**DATA UNDER STUDY:**
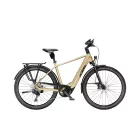 KTM Macina Style 820 Di2 Golden Dust Black túratrekking e-bike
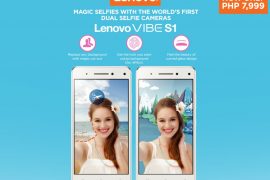 Lenovo Vibe S1 Price reduced to 7,999 Phillipine Pesso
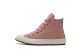 Converse Chuck Taylor All Star High Canyon Dusk (A02874C) pink 2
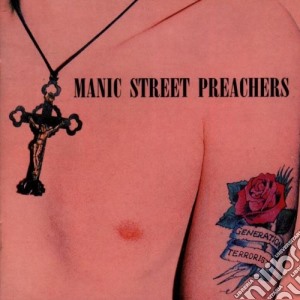 Manic Street Preachers - Generation Terrorist cd musicale di MANIC STREET PREACHERS
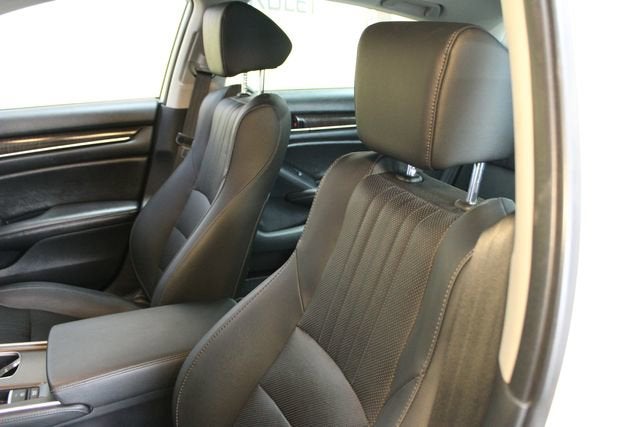 2019 Honda Accord Sedan EX-L 1.5T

**YOUR TASK:** Could you please return each line of the material exactly, dropping the pictures?

**SOLVED PROBLEM:**
 KTM Macina Style 820 Di2 Golden Dust Black túratrekking e-bike
 Lenovo Vibe S1 Price reduced to 7,999 Phillipine Pesso
 Converse Chuck Taylor All Star High Canyon Dusk (A02874C) pink 2
 Manic Street Preachers - Generation Terrorist cd musicale di MANIC STREET PREACHERS
 2019 Honda Accord Sedan EX-L 1.5T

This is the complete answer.